I tried to subsequently increase the TIMESLOT_END_SAFETY_MARGIN_US until either not observing any Softdevice Asserts or reaching 1000us. Unfortunately, I did always observe the described softdevice assert at some point. It looks like increasing it reduces the probability of the asserts' occurence, though which is at least something.
Still hoping for a definitive solution!
Thank you & best regards,
This is a tricky one it seems. I cannot promise anything at this point but I have forwarded this to the team. I will let you know if they make any progress.
While trying to reproduce another timeslot-related issue (Softdevice event handler continuously called with NRF_EVT_RADIO_BLOCKED), I found another angle by which I seem to be able to reproduce the same basic issue.
Hung Bui, the support engineer in the linked devzone entry, convinced me to try to reproduce the other issue based on his nRF52 BLE - ESB Timeslot example.

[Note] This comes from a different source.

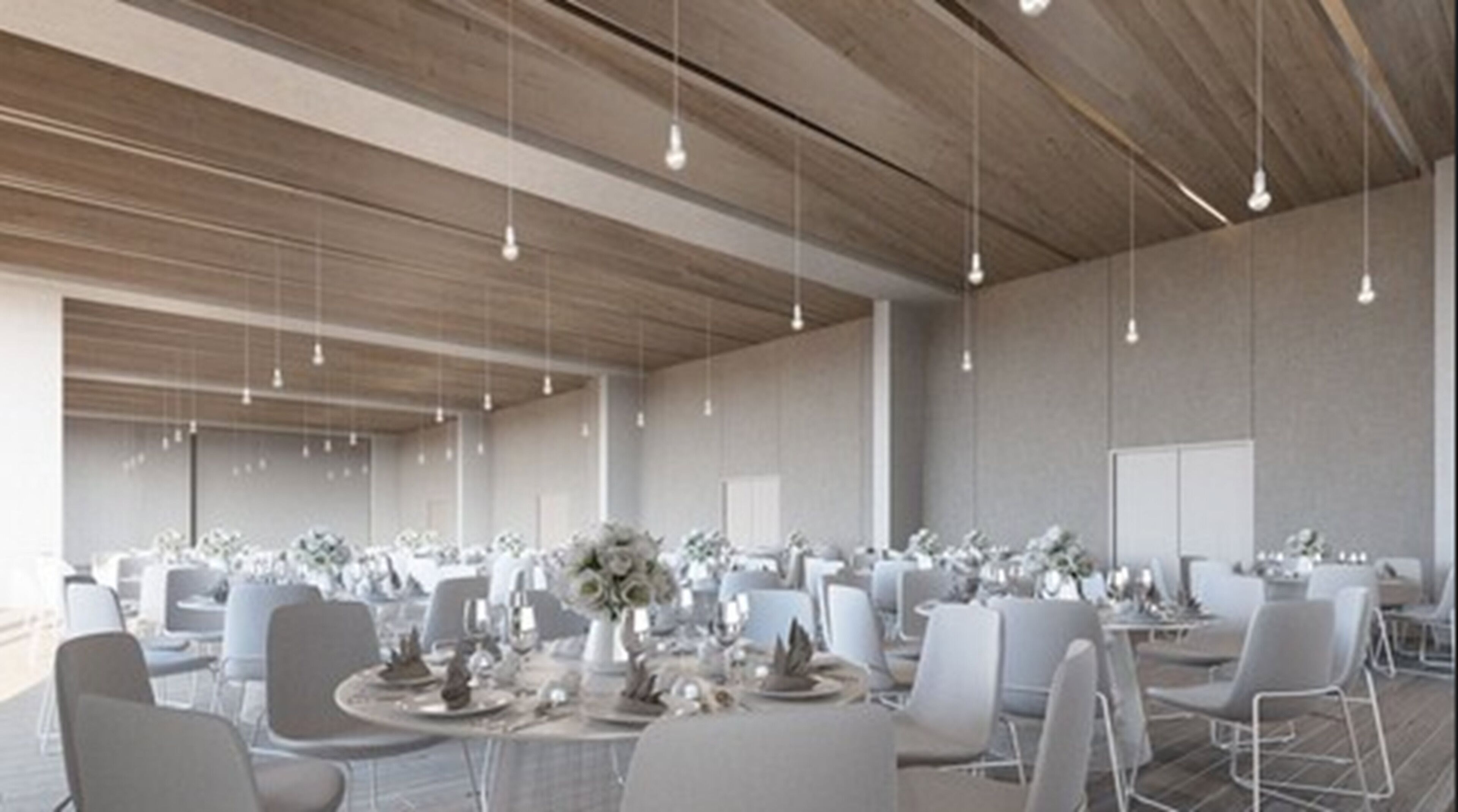 A spacious indoor venue with multiple tables set for dining, featuring white tablecloths and floral centerpieces.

Doing this, I managed to reproduce this issue here, wehere the softdevice event handler unexpectedly gets called with NRF_EVT_RADIO_SESSION_IDLE on an nRF52DK (PCA10040).
Steps to reproduce with his example:
This will result in NRF_EVT_RADIO_SESSION_IDLE being invoked within a few milliseconds after establishing the BLE connection.
The patch contains the following changes:
So, the issue occurs immediately if the length_us of the requested timeslot is reduced from 5000 to 3800. I did not play around with the values any further!
I hope this may help you in getting to the cause of this issue! In the meantime, I'll see if increasing the minimum length requested may resolve it in may application!